Bu haftaki yazımı can dostlarımız kedilere ayırma isteği gönlümde birdenbire filizlendi. Trabzon’un sokaklarını dolduran, tarihi duvarlara yaslanıp Karadeniz’in tuzlu rüzgârıyla oyunlar oynayan o kediler, aslında kentle kurduğumuz bağın da sessiz birer tanığı. Yakında çıkacak olan hikâye kitabım “Patilerdeki Özlem”den önce, bu yazıyla Trabzon kedilerine bir selam göndermek istiyorum. Her biri ayrı bir hikâye. Her biri farklı bir hayatın neşe kaynağı, yaşam enerjisi. Ve bu güzel şehir, kedilerin gözüyle bambaşka bir şekilde fısıldıyor hikâyelerini...
Trabzon’un taş döşeli dar sokaklarında gezinirken karşınıza çıkan her kedi, sanki kentin geçmişine açılan bir pencere gibidir. Bir köşe başında oturup Karadeniz’in hırçın rüzgârını koklayan ya da eski bir hanın gölgesinde sessizce dinlenen bu kediler, sadece birer sokak canlısı değiller; Trabzon’un ruhunu taşıyan varlıklardır. Evliya Çelebi, Trabzon’a dair notlarında, kentin limanlarından, bereketli pazarlarından bahsederken, sokak hayvanlarının varlığını da ima eder. Belki de o dönemin kedileri, bugün hâlâ sokakların taşlarında yankılanan o kadim seslerin devamıdır. Şair Behçet Necatigil’in “Hayatta olmak, bir kedinin gözüyle dünyayı izlemek gibi bazen; sade ama bir o kadar anlamlıdır” dizesiyle betimlediği gibi Trabzon’un kedileri de kentle o sade ve derin bağı kurar.

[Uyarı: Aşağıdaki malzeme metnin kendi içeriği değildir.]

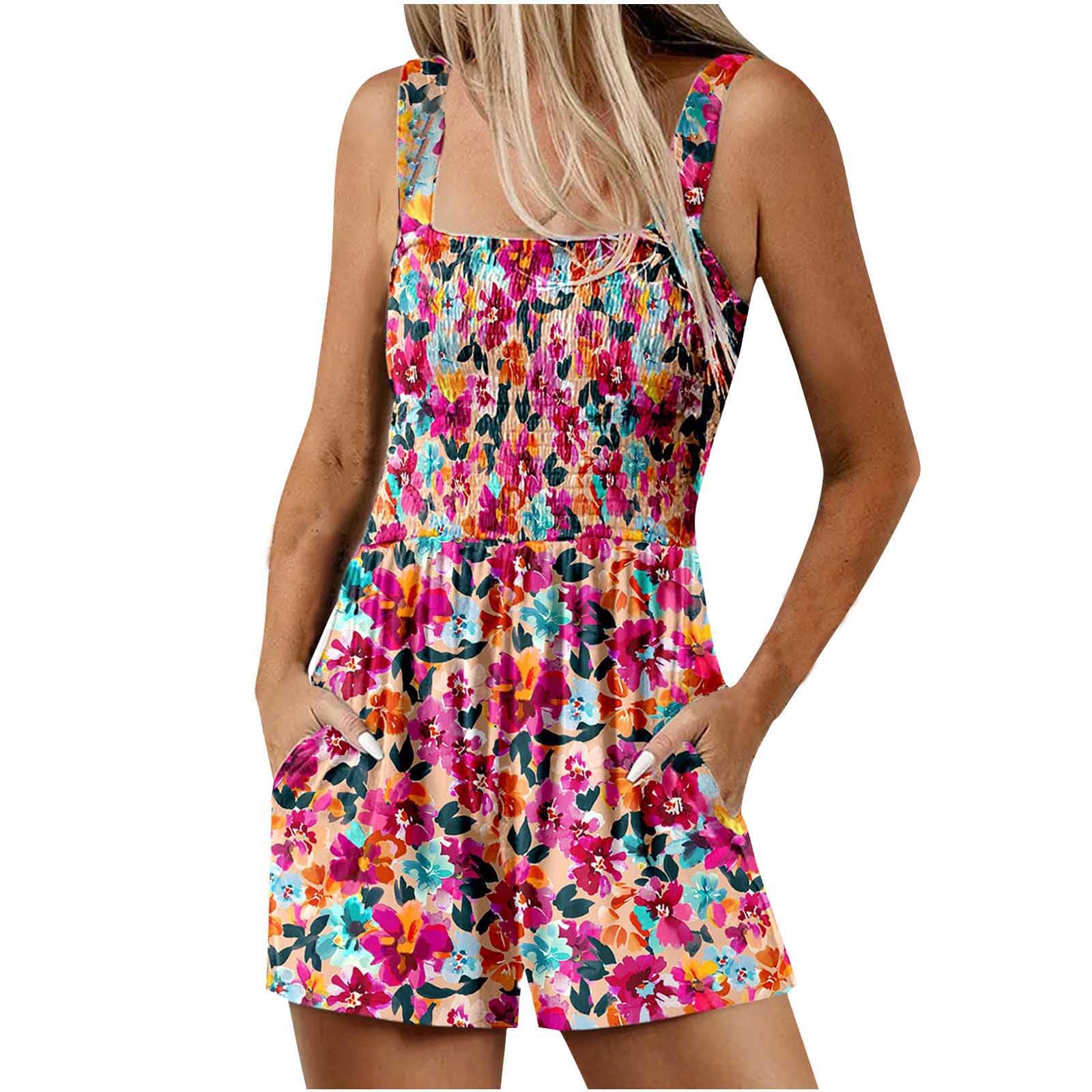 Mono Mujer Verano,Mono Corto para Mujer Peto Corto para Mujer de Una Pieza Sin Mangas Corto con Tirantes Monos de Vestir Mujer Mono de Verano con Estampados de Flores Informal Traje de Pantalón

Bu kent, tarih boyunca bir liman şehri olarak balıkçıları, tüccarları ve seyyahları ağırladı. Bugün limanlarda, rıhtımlara yanaşan teknelerin ucunda balık bekleyen kediler karşılıyor sizi. Kedilerle denizin arasındaki bağ, yalnızca balık kokusuyla sınırlı değil; her biri Karadeniz’in dalgaları kadar özgür ve kent kadar köklü.

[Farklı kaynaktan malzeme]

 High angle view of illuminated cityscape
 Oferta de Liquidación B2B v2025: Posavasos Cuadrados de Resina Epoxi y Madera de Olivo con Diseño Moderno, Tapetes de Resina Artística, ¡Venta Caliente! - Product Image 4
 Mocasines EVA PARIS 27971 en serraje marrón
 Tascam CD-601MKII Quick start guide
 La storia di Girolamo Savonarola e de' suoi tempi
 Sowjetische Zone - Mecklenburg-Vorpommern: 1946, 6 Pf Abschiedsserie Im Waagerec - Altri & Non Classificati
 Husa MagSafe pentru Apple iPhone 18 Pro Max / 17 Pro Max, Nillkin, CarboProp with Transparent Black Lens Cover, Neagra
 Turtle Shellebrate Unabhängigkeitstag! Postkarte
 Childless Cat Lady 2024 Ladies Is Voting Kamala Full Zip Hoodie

Şair Cahit Külebi, Karadeniz’i anlattığı bir şiirinde “Deniz kokar Trabzon’un rüzgârı; kediler sokakta, denizle bakışır,” diyerek bu bağı adeta ölümsüzleştirir. Balıkçıların dostu olan kediler, Trabzon’un limanlarında bir sembol haline gelmiştir.
Esnaf kedileri ise dar sokakların sevimli müdavimleri, mahallenin sessiz tanıklarıdır. Tarih boyunca insanlar bu kedilere hep bir anlam yüklemiştir. Osmanlı döneminde cami avlularında saygıyla beslenen kediler, halk arasında bereketin ve şansın sembolü olarak görülürdü.

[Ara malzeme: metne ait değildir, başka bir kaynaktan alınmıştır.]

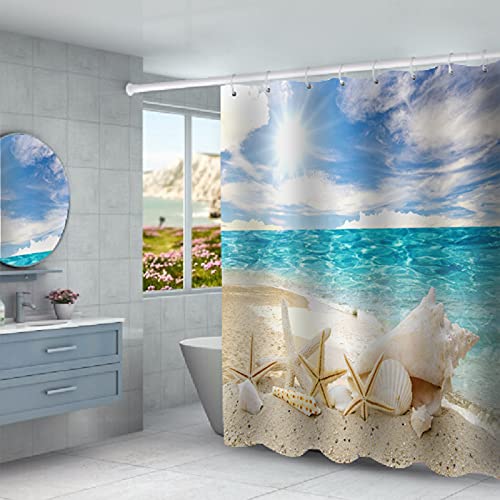 BIUSTAR 4 Piece Beach Starfish Sun Shower Curtains Sets with Non-Slip Rugs, Toilet Lid Cover and Bath Mat, Bathroom Sets with Shower Curtain and Rugs and Accessories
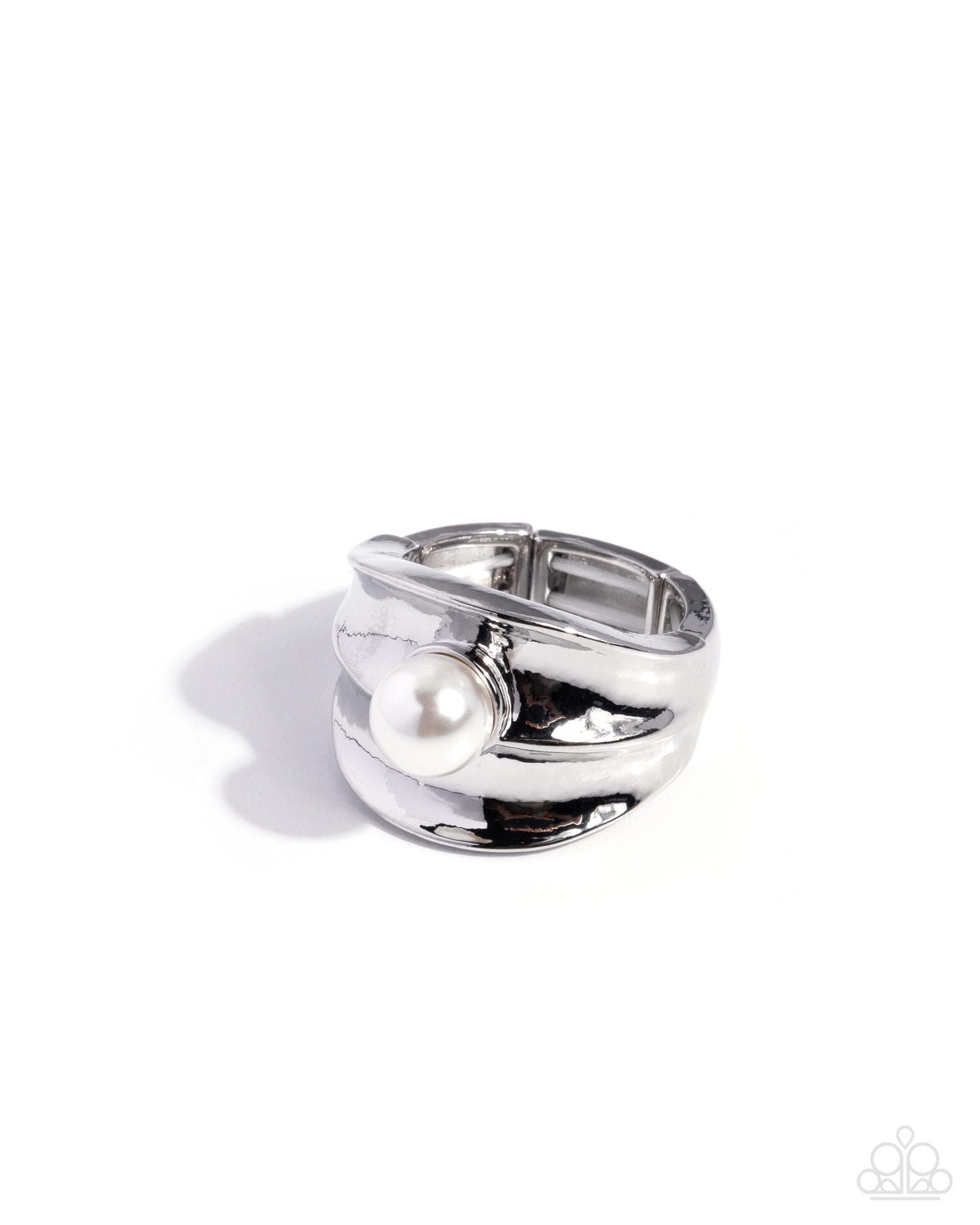 Pearly Operator White Pearl Silver Stretch Ring by Paparazzi Accessories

Bir düşünün: Bizans döneminde Trabzon surlarının eteklerinde fareleri avlayan kediler, Osmanlı döneminde kahvehanelerdeki sohbetlere eşlik etmiş olabilir mi?
Eski Trabzon evlerinin avlularında dolaşan kediler, hem evlerin koruyucusu hem de mahalle halkının sevdalısıydı. Rivayete göre, Trabzon’un ünlü surlarından birinde, bir kedi ve fare hikâyesi nesilden nesile anlatılmış: Kedi, surların karanlık köşelerinde fareleri avlar; böylece surları koruma görevini üstlenir. Bu hikâye, kedilerin Trabzon’un tarihindeki rolünü ne kadar içselleştirdiğini gösterir.
Bugün Trabzon’da sokak kedileri, şehrin gündelik hayatının ayrılmaz bir parçasıdır. Sahil boyunca yürüyüş yapan insanlar, yanlarına ilişen kedilerle kısa dostluklar kurar. Kimisi evinin önüne bir kap mama koyar, kimisi de bir ağacın altına kedi evi inşa eder. Trabzon Belediyesi’nin sokak hayvanlarına yönelik projeleri de bu dost canlısı şehri daha yaşanabilir kılar.
Bir balıkçı, gazeteciye şunları söyler: “Bazen tekneme bir kedi gelir, sessizce oturur. Sanki denizi izlemekten başka bir şey istemez. Ama bilirim ki, o aslında bir hikâye arıyordur.” İşte bu kediler, Trabzon’un yalnızca fiziksel değil, ruhani coğrafyasını da tamamlar.
Trabzon’un sokak kedileri, Karadeniz’in hırçın dalgaları ve tarih kokan sokakları arasında yaşar ama hep oradadırlar: gölgede, ışıkta, insanların hikâyelerinde.
Peki, bu güzel şehrin sokak kedileri bize neler fısıldıyor? Bir dahaki Trabzon seyahatinizde, herhangi bir sokakta durun ve bir kediyi izleyin. Size o sokakların sırlarını, rüzgârın şarkısını ve taşların altına saklanan hikâyeleri anlatacaktır.